Bu yıl Katar’da yapılan Dünya Kupası finalleri büyük sürprizlerle devam ediyor. Kimin aklına Suudi Arabistan’ın Arjantin’i yeneceği gelirdi. Ama oldu, Suudiler Arjantin’i 2-1 yendi. Japonya’nın Alman tankını devireceği de pek akla gelmezdi. Oysa Japonlar maçı 2-1 kazandı. İngiltere’ye 6-2 yenilen İran’ın Galler karşısında hiç şansının olmadığını sanılıyordu. Oysa İran üstelik uzatmalarda iki gol atarak tahminleri alt üst etti. Bakalım finaller bitene kadar daha ne sürprizlerle karşılaşacağız.
Tabii bu yıl Dünya Kupası sadece maç sonuçlarıyla konuşulmuyor. Katar’ın yasakları, protestolar, gizli eylemler, olağanüstü lüks ve ihtişam futboldan daha fazla ilgi görüyor. Katar deneyiminden yola çıkarak bu tür turnuvalar bundan sonra Müslüman ülkelerde yapılır mı onu bilemiyorum, ama bana düşük ihtimal olarak geliyor.
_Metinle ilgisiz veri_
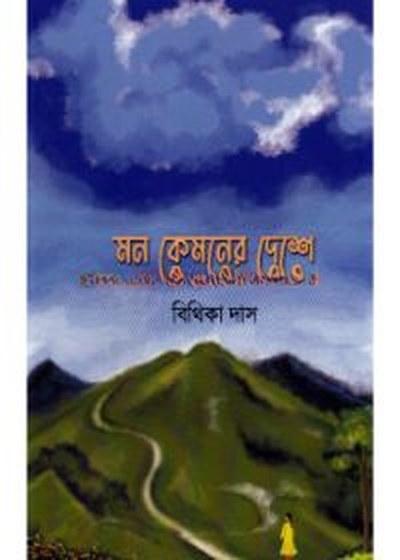 মন কেমনের দেশে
İçki yasakları, bırakın seyircileri, finallere katılan takımların antrenörlerin bile kıyafetlerine karışılması bir taraftan çok komik bulunurken öte taraftan büyük tepki yaratıyor. Gelelim Katar’daki Dünya Kupası organizasyonunun bizi ilgilendiren tarafına. Türkiye bu Dünya Kupası finallerindeki varlığını güçlü biçimde hissettiriyor.
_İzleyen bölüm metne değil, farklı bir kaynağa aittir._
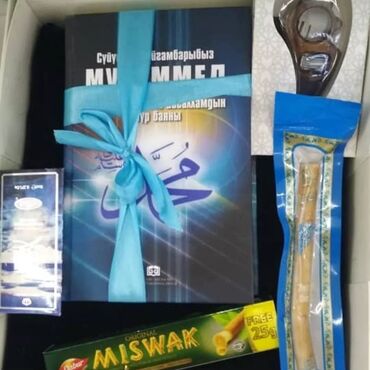 Организация мероприятий: Организация мероприятий | Букеты, флористика, Певцы — 18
Öncelikle açılış törenine Cumhurbaşkanı düzeyinde katıldık. AKP Genel Başkanı Erdoğan Katar şeyhinin daveti üzerine açılış törenine ve verilen resepsiyona katıldı. Burada 2013’ten bu yana “O adam Mısır’ın başında olduğu sürece asla ilişki kurmam” dediği Mısır devlet başkanı Sisi ile hararetli biçimde el sıkıştı, daha sonraki dostluk günleri için söz verdi.